Senza dubbio alcuno i Saint Vitus sono state tra le più fondamentali doom metal band degli esordi, un nome che con sempre maggior frequenza ritorna tra le ispirazioni o i riferimenti artistici di una foltissima schiera di doom metal band che a partire dalla metà degli anni ottanta hanno contribuito alla popolarità di questo genere musicale.

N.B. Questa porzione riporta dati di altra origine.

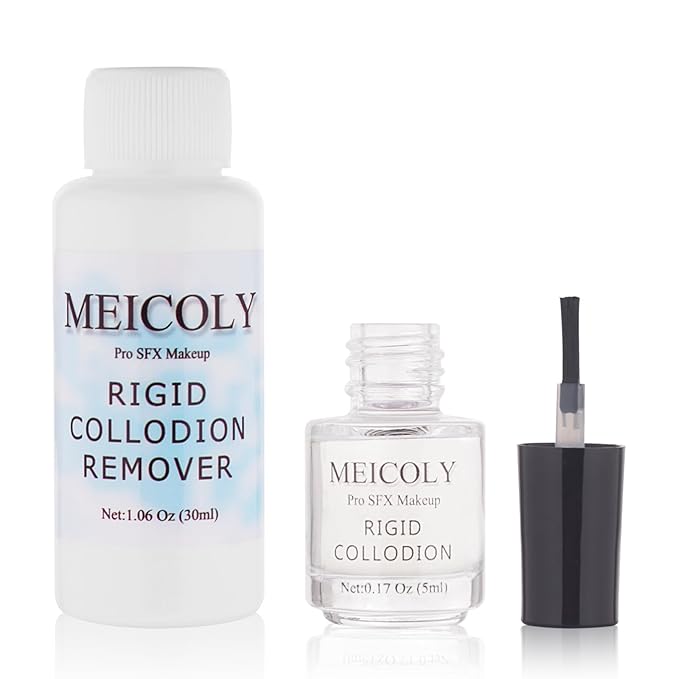 MEICOLY Rigid Collodion and Remover Kit,Scarring Liquid with Brush,Professional Scar Makeup for Halloween SFX Cosplay,Liquid Scar Fake Scar Makeup for Theater Stage Performance,Collodion Scar Liquid-Velvo Beauty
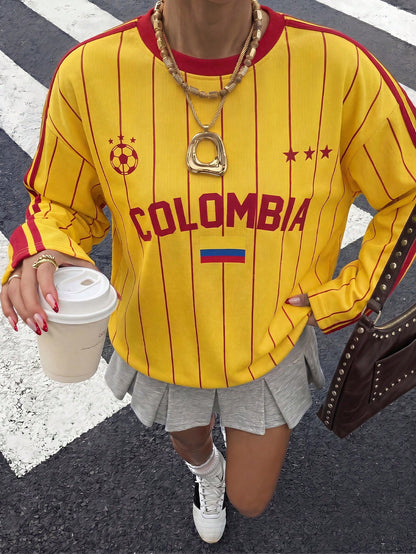 Colombia Retro Long Sleeve Women's Football Jersey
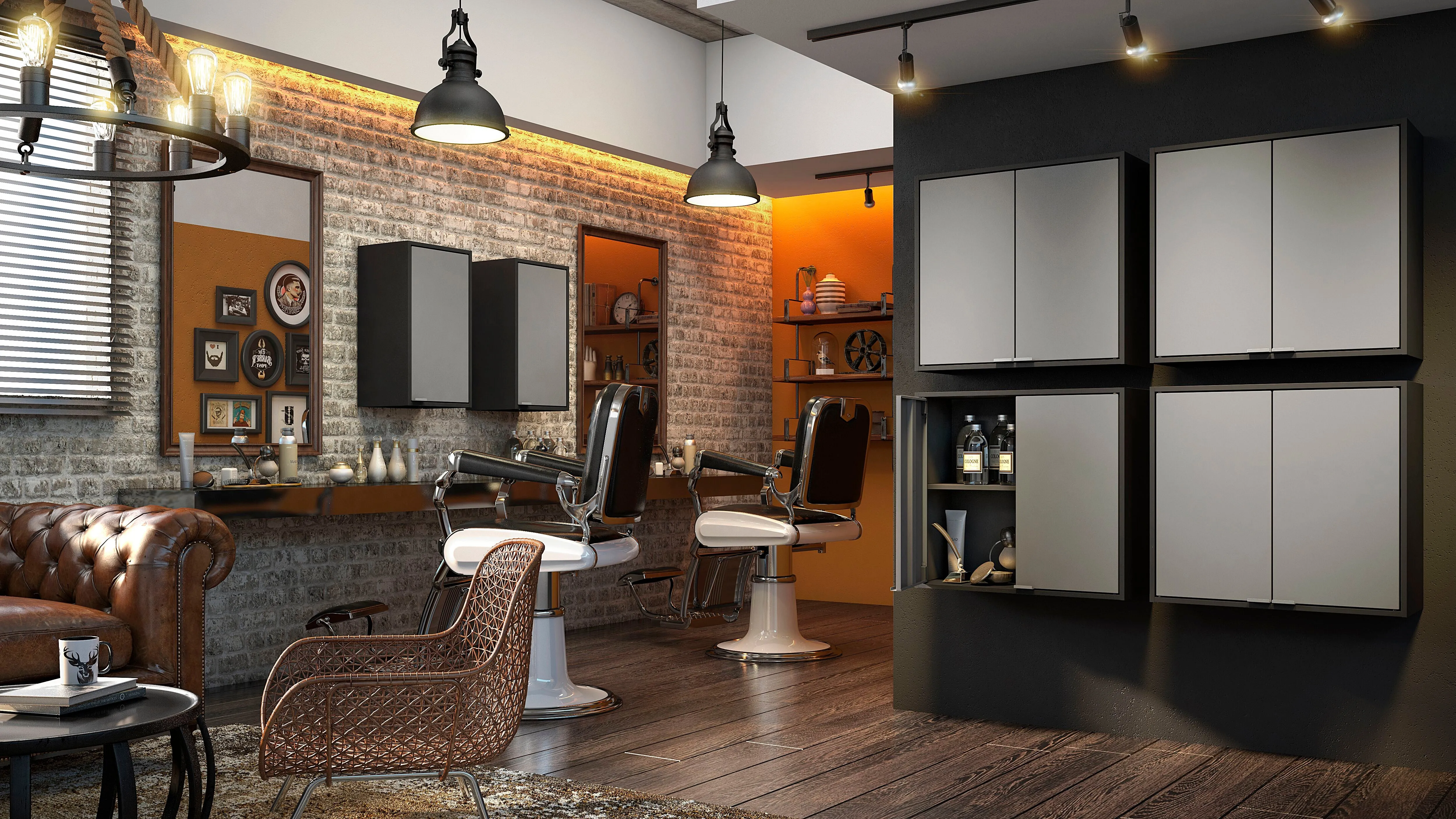 Smart 13.77" Floating Cabinet in Black and Grey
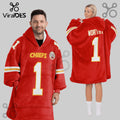 Kansas City Chiefs 1 Player Snuggle Hoodie Blanket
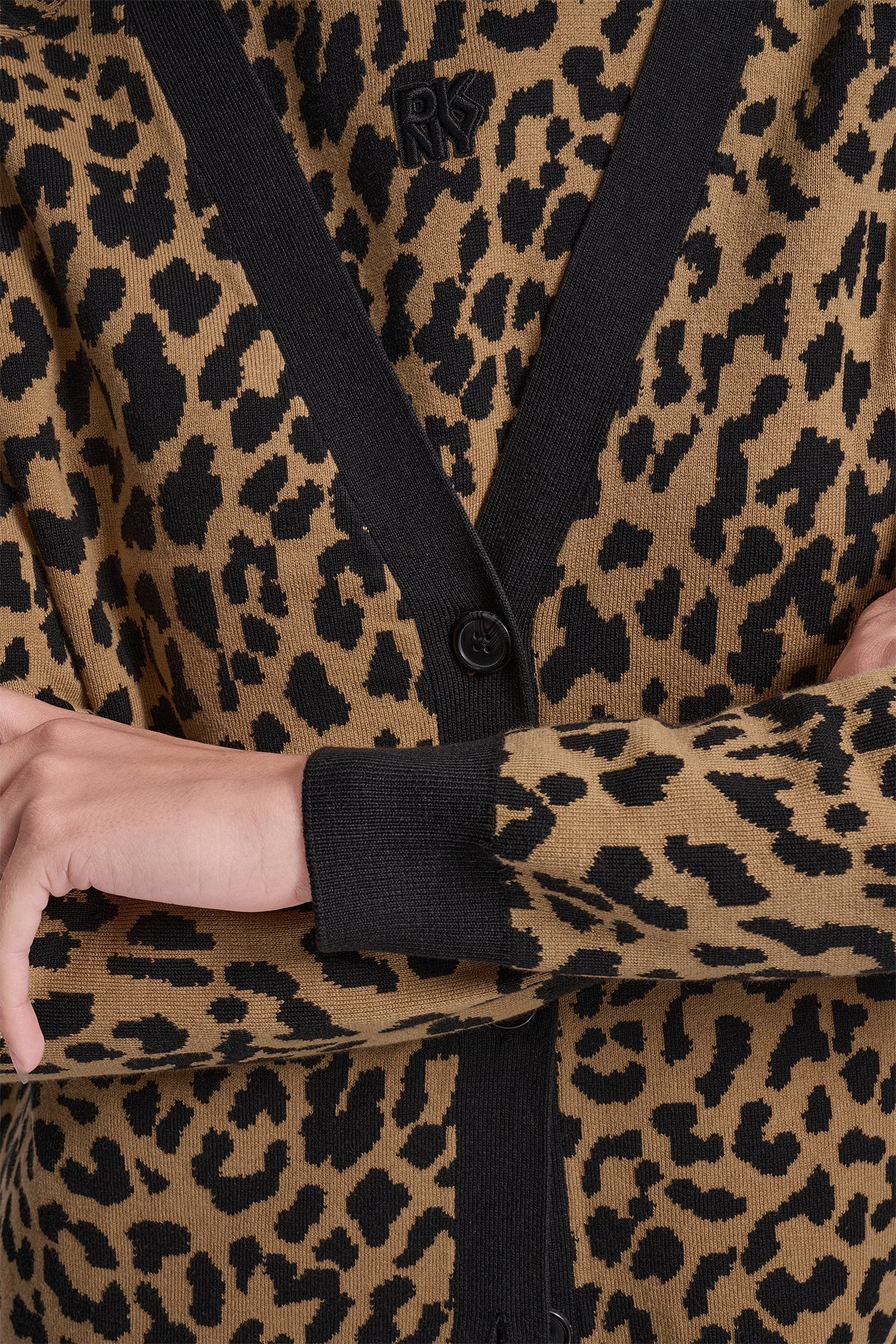 LEOPARD JACQUARD CARDIGAN - WHISKEY/BLACK - 5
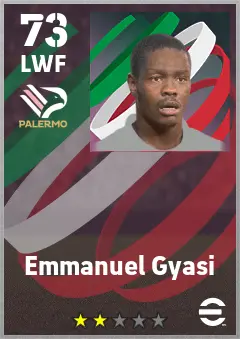 Emmanuel Gyasi eFootball 2026 player card — 73 OVR LWF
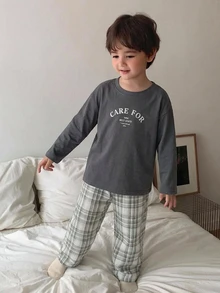Dazy Kids 兒童秋季小男孩圓領針織字母印花短袖T恤＋梭織格紋長褲居家服2件套 春夏 - 深灰色 - 查看 8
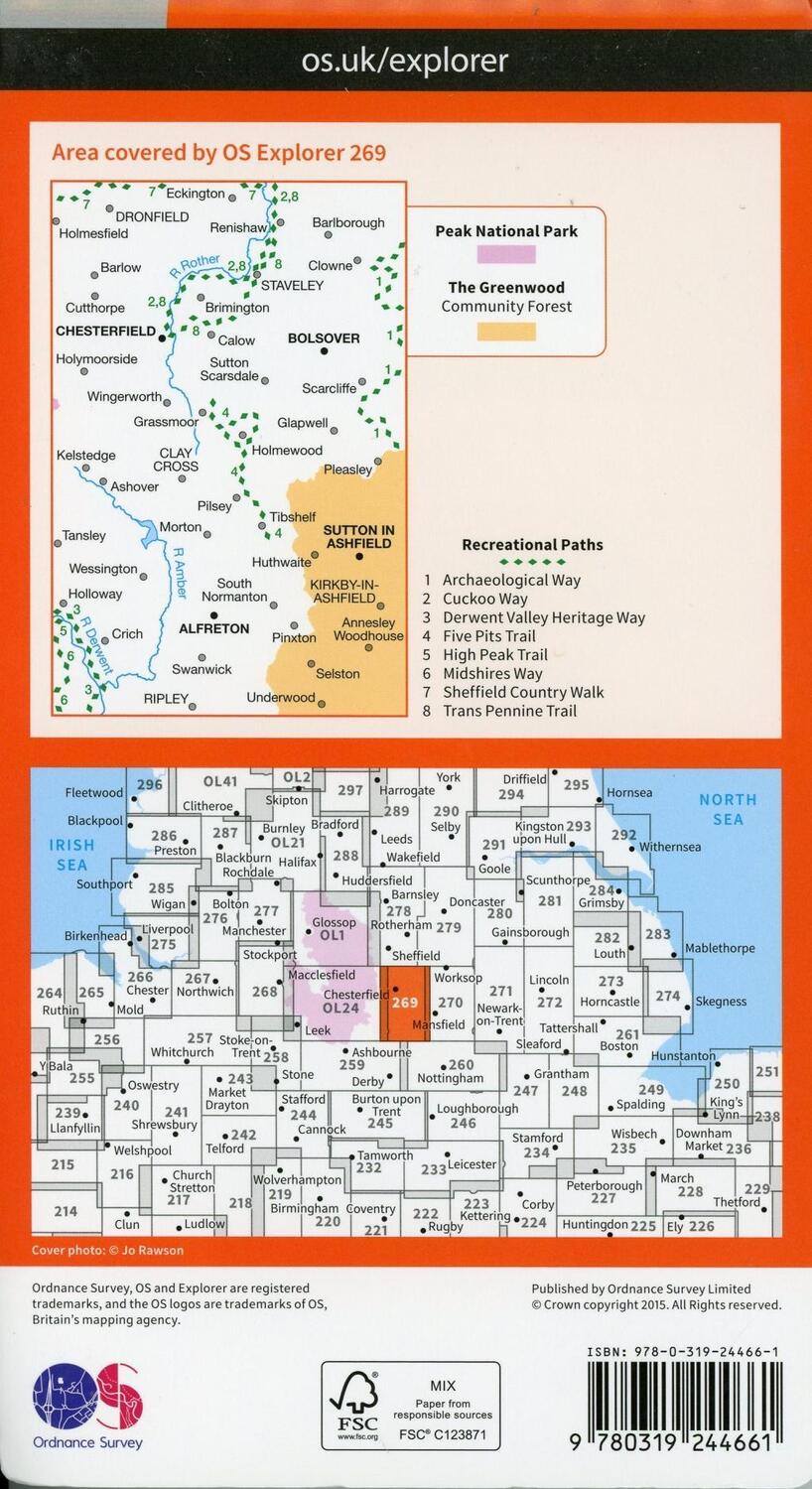 Bild: 9780319244661 | Chesterfield and Alfreton | Ordnance Survey | (Land-)Karte | Englisch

Sorti a Los Angeles nel 1979 e originariamente conosciuti col nome di Tyrant, i Saint Vitus devono la loro oramai leggendaria fama anche al passaggio di personalità del calibro di Scott “Wino” Weinrich e Christian Linderson (aka Lord Chritus, proprio sostituto di Wino agli inizi degli anni 90, già frontman dei Count Raven), senza contare il valore dell’intera discografia che questa band ha collezionato nel corso della propria carriera. Dopo un primo demo col monicker Tyrant, i Saint Vitus fanno il proprio esordio ufficiale nel 1984 per SST Records, etichetta di Greg Gin dei Black Flag, per la quale la band pubblicherà anche i tre album successivi (più i due EP Walking Dead e Thirsty And Miserabile) fino al passaggio per la gloriosa Hellhound con la quale la collaborazione dura fino a C.O.D. (1992).
Il nucleo originario della band, e quindi quello immortalato in questo episodio, vede la presenza al microfono di Scott Reagers, uno dei due storici volti e voci, assieme a Wino, dei Saint Vitus, due interpreti per certi aspetti molto distanti ma entrambi insostituibili per dare vita a quel sound oramai leggendario e tanto influente della band americana. L’omonimo disco di esordio, con i suoi soli 5 episodi e 35 minuti di durata complessiva, rappresenta oramai un oggetto di culto per quello che comunemente viene definito “traditional doom” o “old school doom”.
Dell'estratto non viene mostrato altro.